**YOUR ASSIGNMENT**
In the entries that follow, the lines from the line containing "Flowers and Fruit-Pierre-Auguste" up to and including the line containing "Aquanaut 5067A SS" must be copied exactly, with pictures omitted.

**DATA FOR THIS EXERCISE**

-.-.-

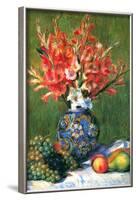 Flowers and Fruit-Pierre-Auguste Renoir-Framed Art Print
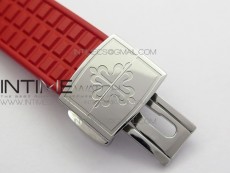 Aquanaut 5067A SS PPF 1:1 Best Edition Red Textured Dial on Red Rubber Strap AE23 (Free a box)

-.-.-

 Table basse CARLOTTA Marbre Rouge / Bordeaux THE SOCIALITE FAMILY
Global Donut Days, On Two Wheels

-.-.-

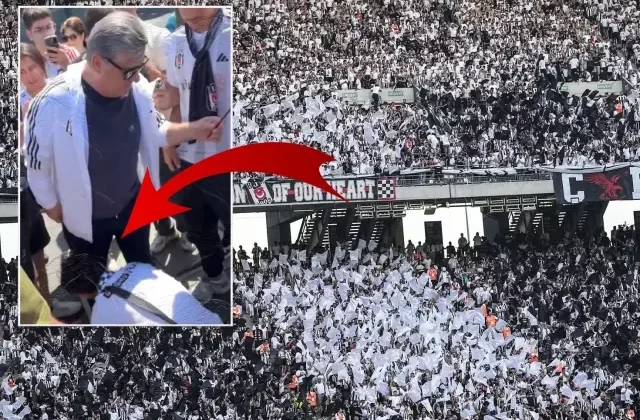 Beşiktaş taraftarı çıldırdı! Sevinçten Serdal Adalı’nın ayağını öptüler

-.-.-

**EXERCISE ANSWER**
 Flowers and Fruit-Pierre-Auguste Renoir-Framed Art Print
 Aquanaut 5067A SS PPF 1:1 Best Edition Red Textured Dial on Red Rubber Strap AE23 (Free a box)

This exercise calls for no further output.